*** Opening Information given ***
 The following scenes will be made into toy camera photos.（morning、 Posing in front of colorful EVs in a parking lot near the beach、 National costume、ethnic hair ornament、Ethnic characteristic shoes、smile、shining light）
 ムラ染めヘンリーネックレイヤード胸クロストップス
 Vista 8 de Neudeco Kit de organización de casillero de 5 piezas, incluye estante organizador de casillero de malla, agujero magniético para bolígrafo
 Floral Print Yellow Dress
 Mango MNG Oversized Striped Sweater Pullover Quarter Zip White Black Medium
*** Closing Information given ***
Problem -
Print the material once more, exactly.

Written answer -
 The following scenes will be made into toy camera photos.（morning、 Posing in front of colorful EVs in a parking lot near the beach、 National costume、ethnic hair ornament、Ethnic characteristic shoes、smile、shining light）
 ムラ染めヘンリーネックレイヤード胸クロストップス
 Vista 8 de Neudeco Kit de organización de casillero de 5 piezas, incluye estante organizador de casillero de malla, agujero magniético para bolígrafo
 Floral Print Yellow Dress
 Mango MNG Oversized Striped Sweater Pullover Quarter Zip White Black Medium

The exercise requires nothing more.